Analiza comparativa a miscarilor sociale din Republica Bulgaria si Romania, perioada 2012–2017
Abstract
In order to differentiate between “social movement” and “collective conduct” it is necessary to clarify the two concepts in the first place. According to Robert Benford, Timothy Gongaware and Danny Valdez, social movements are “collective efforts aiming at promoting some social changes or, on the contrary, resisting to change, efforts that take place within a certain group, a given society or at the global level”.1 Even if collective conducts are one of the forms of expression of social movements, they represent, according to Ralph Turner, those particular situations in which “rules or general standards cease to guide individuals’ actions so that individuals are collectively transgressing, breaking or undermining the existing interaction structures”.2 According to Cãtãlin Augustin Stoica, social movements, contrary to collective conducts, obey a series of clearly defined rules, among which: the explicit pursuit of a common goal and the presence of
formal leaders and organizations aiming at reaching that common goal. The collective conducts category is much more flexible, including a diversity of actions starting from rallies in support of a certain party or a particular party leader and protest actions up to rallies carried out by supporters of one football team and violent clashes between various groupings.3 According to Septimiu Chelcea, some of the features of collective conduct include: spontaneity, the existence of some divergent standards in relation to those generally accepted by a certain group or society and the emergence of new standards guiding individuals’conducts. 4 In the light of the above conceptual clarifications, this paper aims to analyze exclusively the social movements that took place in the Republic of Bulgaria and Romania, between 2012-2017 and not other smaller protest actions that can be framed as collective conducts. As information sources we will use
both national and international news websites, in both Romanian and English, as well as articles in the field and works belonging to authorized sociologists and political analysts who are analyzing from different perspectives the
social movements that have experienced an increase in the latest years.
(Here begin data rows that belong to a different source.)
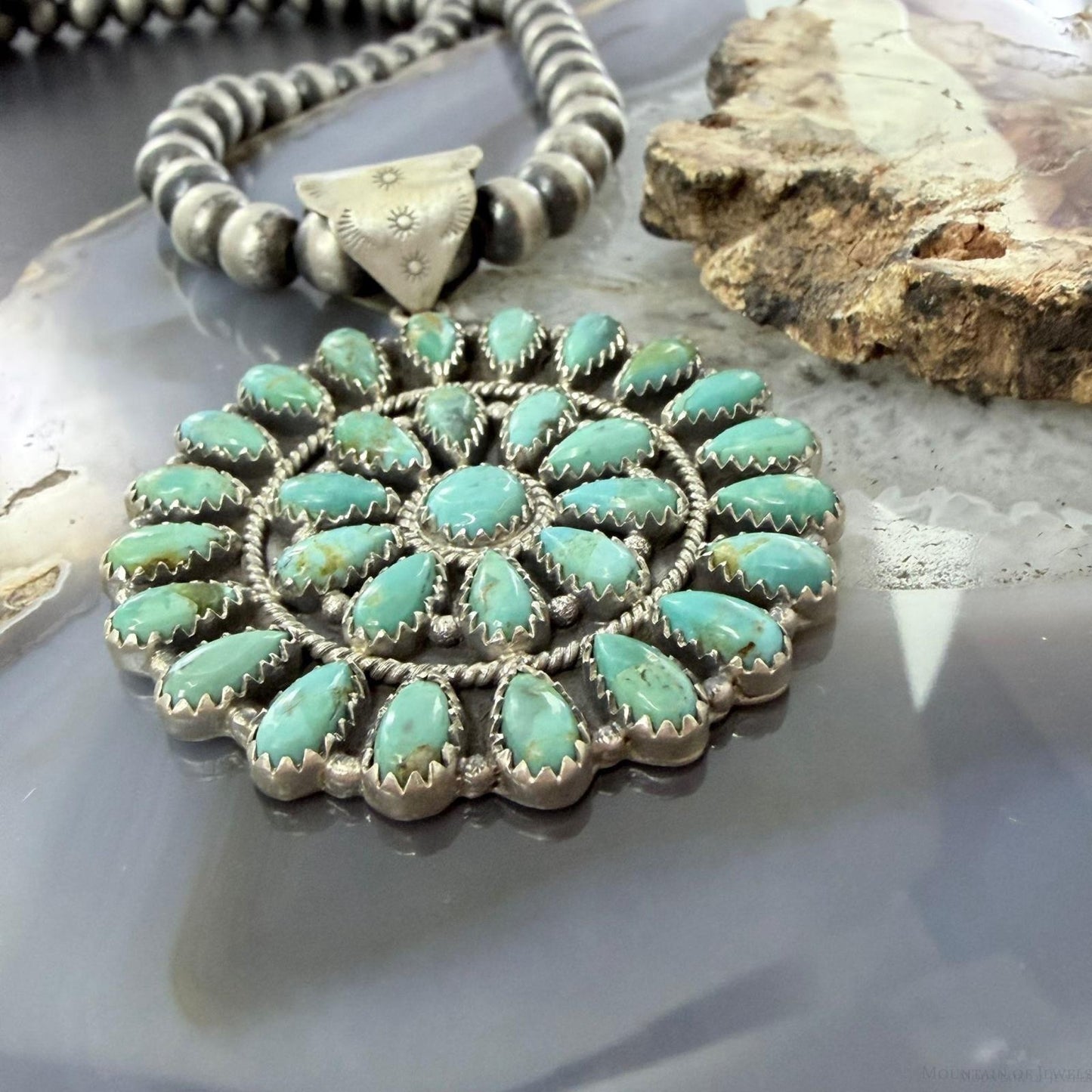 Sterling Silver Southwestern Style Teardrop Mohave Turquoise Round Cluster Pendant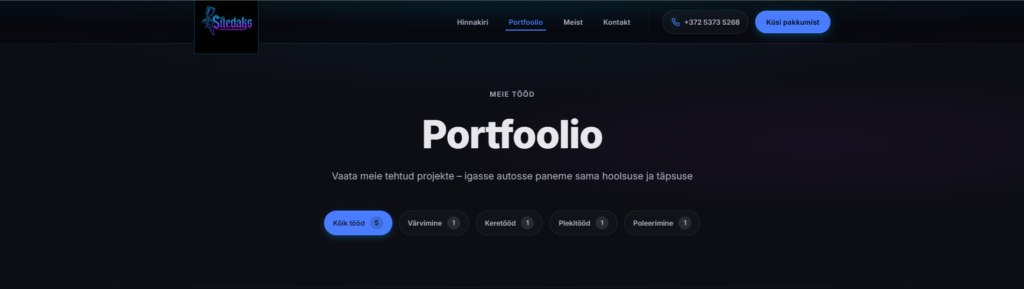 Siledaks OÜ koduleht – Portfoolio leht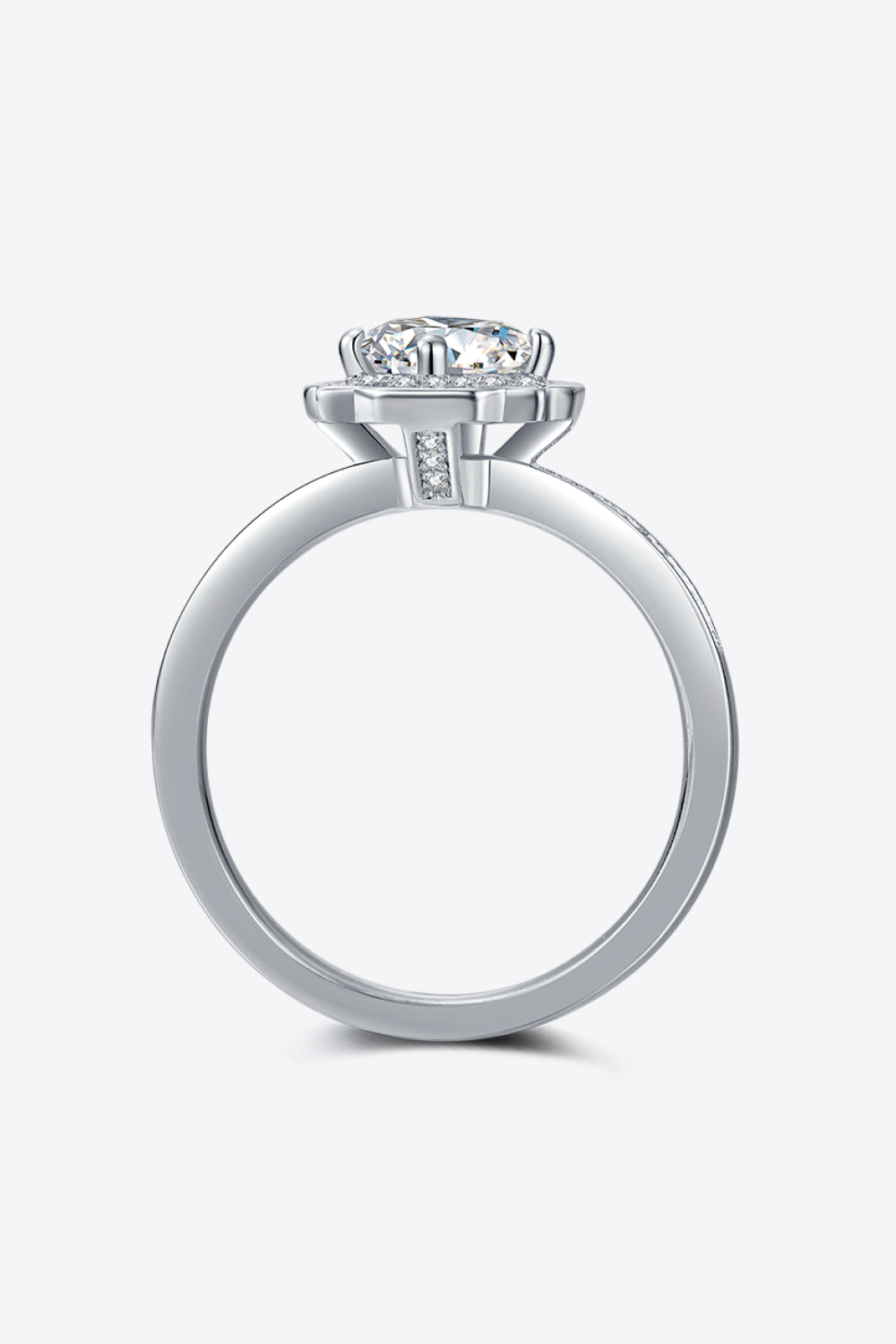 1 Carat Moissanite 925 Sterling Silver Halo Ring - Flyclothing LLC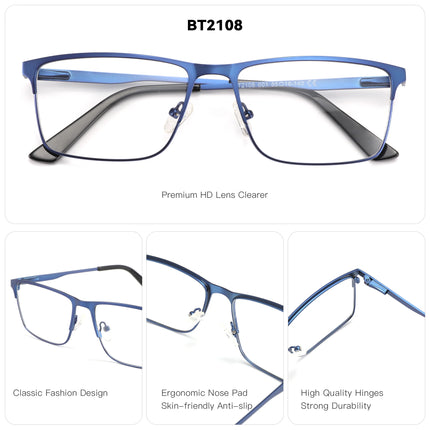 ZENOTTIC Titanium Progressive Prescription Glasses Men Square Anti Blue Light Photochromic Eyewear Optical Myopia Eyeglasses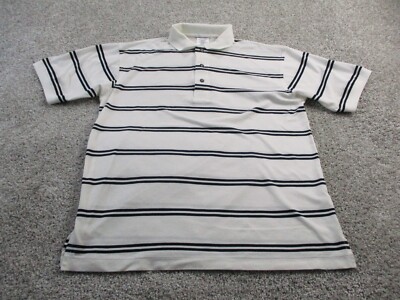 Outer Banks Reserve Golf Polo Shirt Mens  Casual Striped White NavyMEDIUM NWOT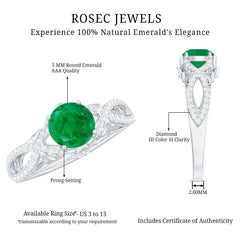 Designer Emerald Crossover Engagement Ring with Diamond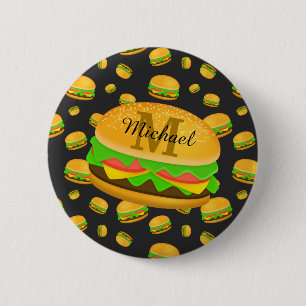 Cool and fun yummy burger pattern Monogram 2 Inch Round Button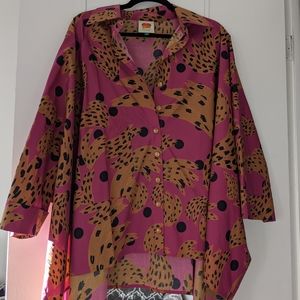 Farm Rio NWOT pink banana button up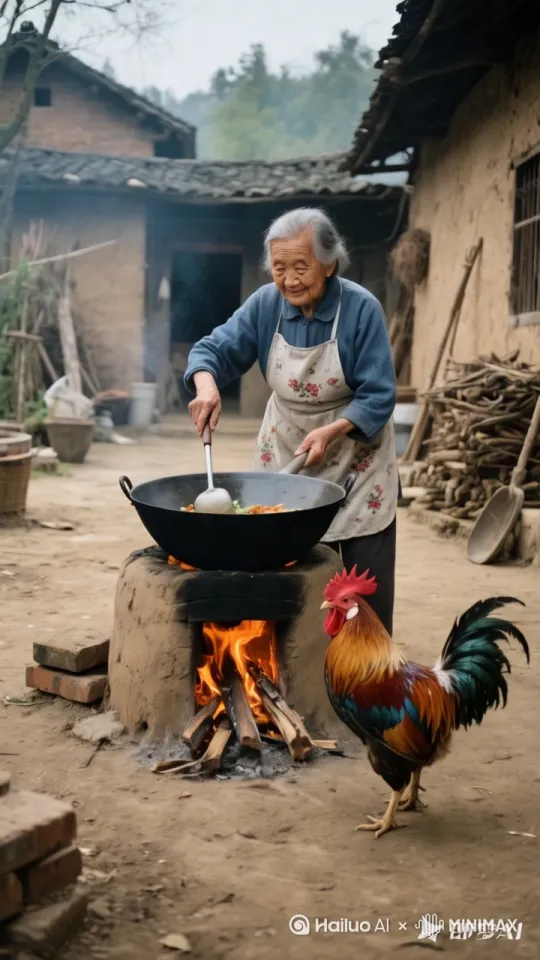 老奶开心炒菜，地上的大公鸡突然跳进炒菜的锅里卧到锅里 by Hailuo AI Video Generator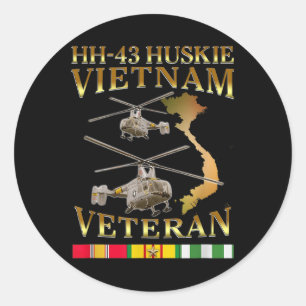 Hh 43 Huskie Helikopter Vietnam Veteraan Hh-43 Vie Ronde Sticker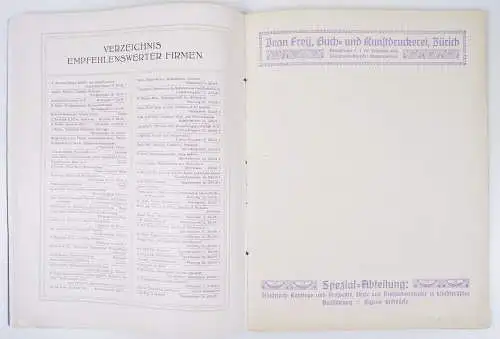Schreibmappe 1916 Jean Frey Zürich Buchdruckerei Reklame 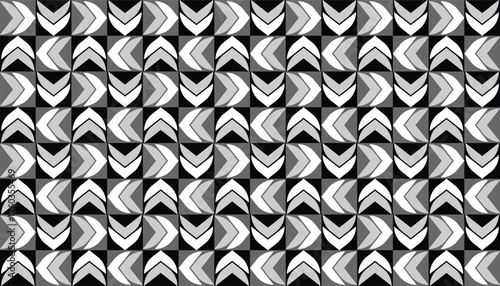 A seamless geometric pattern featuring black and white chevron arrow shapes arranged in a rhythmic and symmetrical layout. The combination of black, white, and gray creates a cheerful, retro feel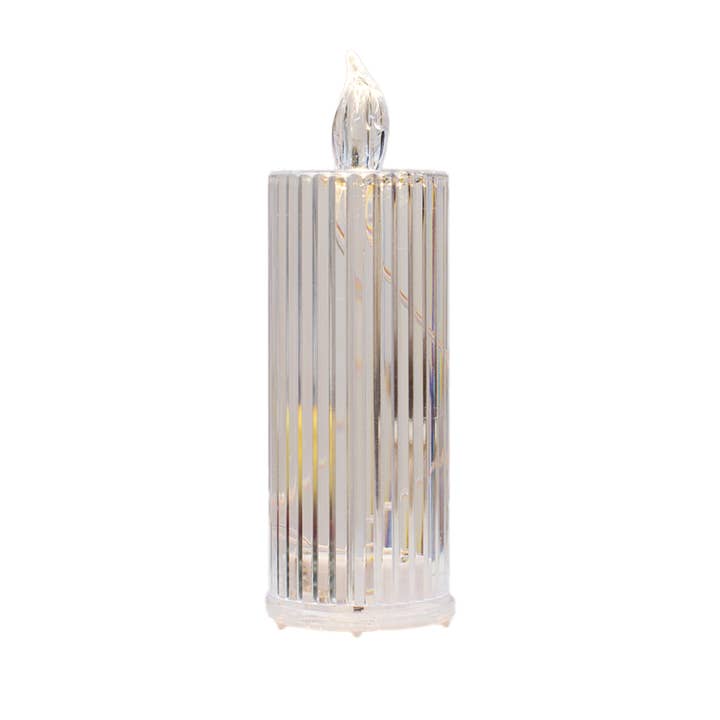 Striped LED candle decoration D5.3 H15.5cm (battery operated) for wholesale by Opjet Paris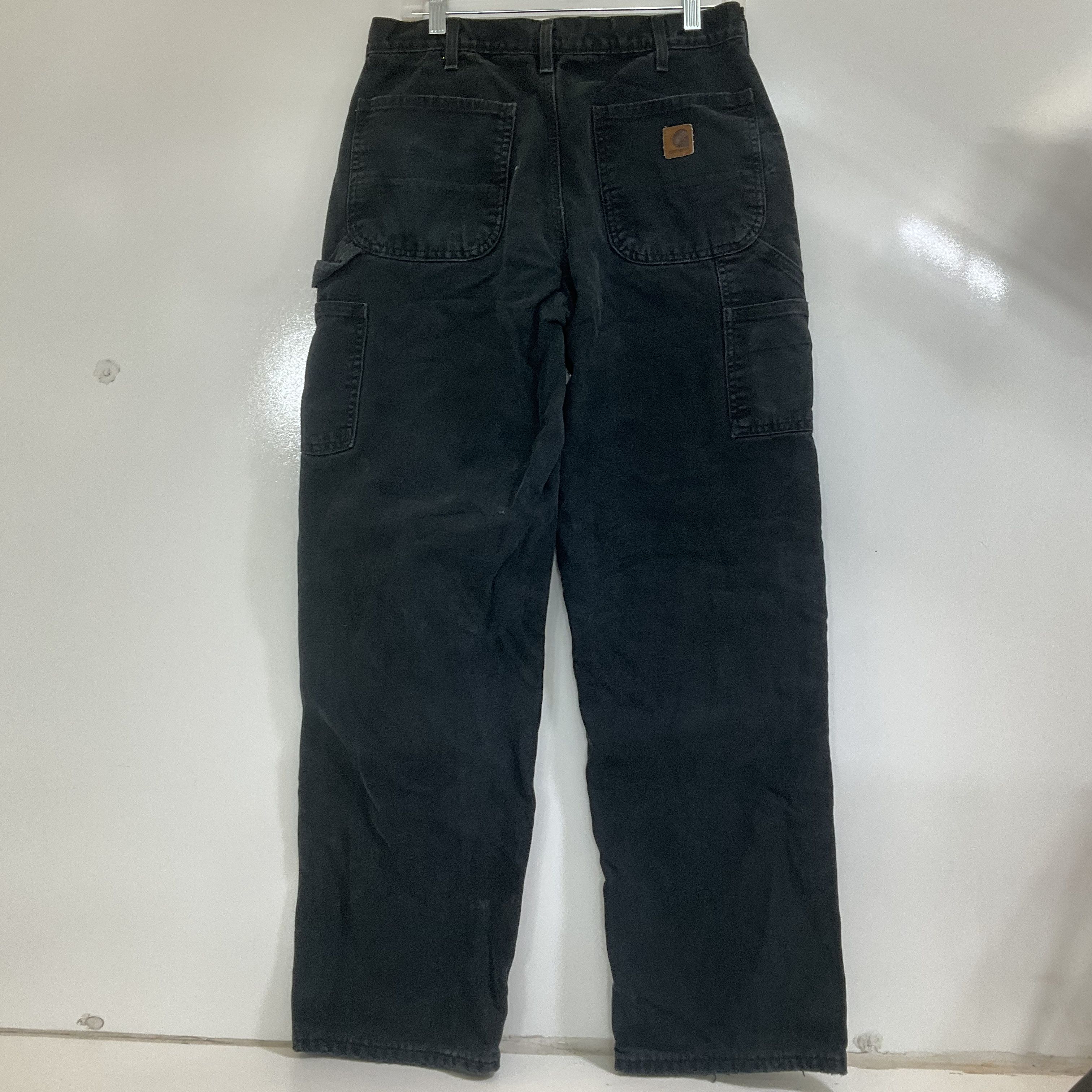 Carhartt B111 Flannel Lined Washed Duck Dungaree Pants Black Men's 33x32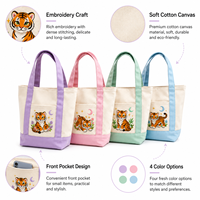 Sac fourre-tout en toile écologique avec logo personnalisé, motif de lettres brodées mignonnes, blocs de couleurs pastel, mini sac à bandoulière avec poche avant pour le shopping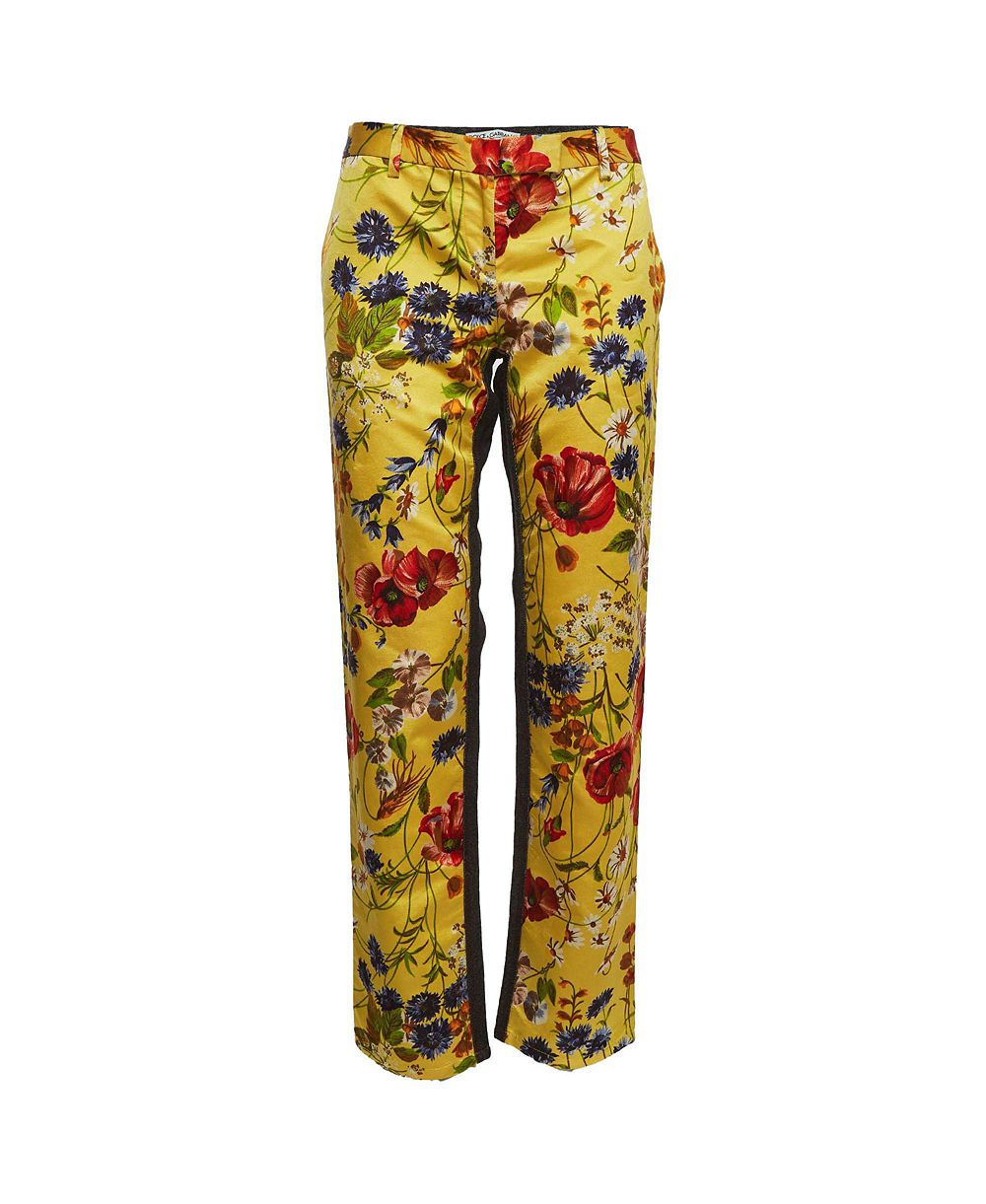Pre-Owned Dolce & Gabbana Women's Floral-Print Wide-Leg Denim Jeans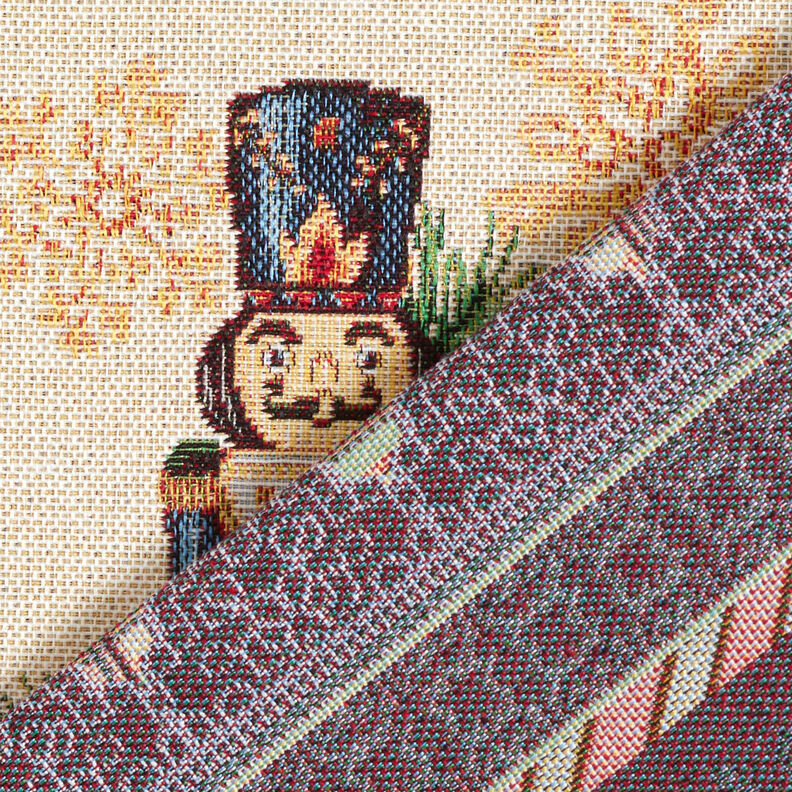 Dekorativt panelstof Gobelin nøddeknækkere duo – karminrød/lysebeige,  image number 4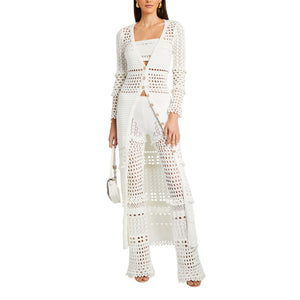 Retrofête Knit Crochet Iridescent White Alaia Cardigan Size S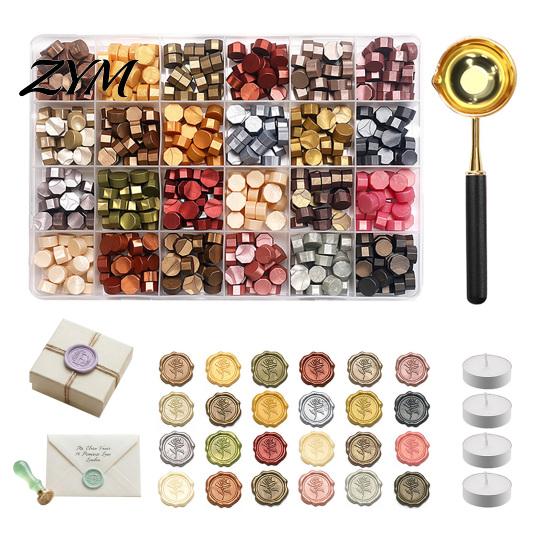 Vintage Letter Sealing Wax Seal Kit, with Beads Melting Spoon And Candles Set, Stamp for DIY Crafting Wedding Invitations Gift Craft Lovers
Firstly, I will analyze the social movements phenomenon within its historic, political and economic context defining each of the two countries, following that at the end of the study to determine whether there are certain convergent points of view which might lead us to the conclusion
that these large protest rallies directed against the national political elites could be considered as a regional phenomenon of contesting the representative democracy model and the monetary capitalist system.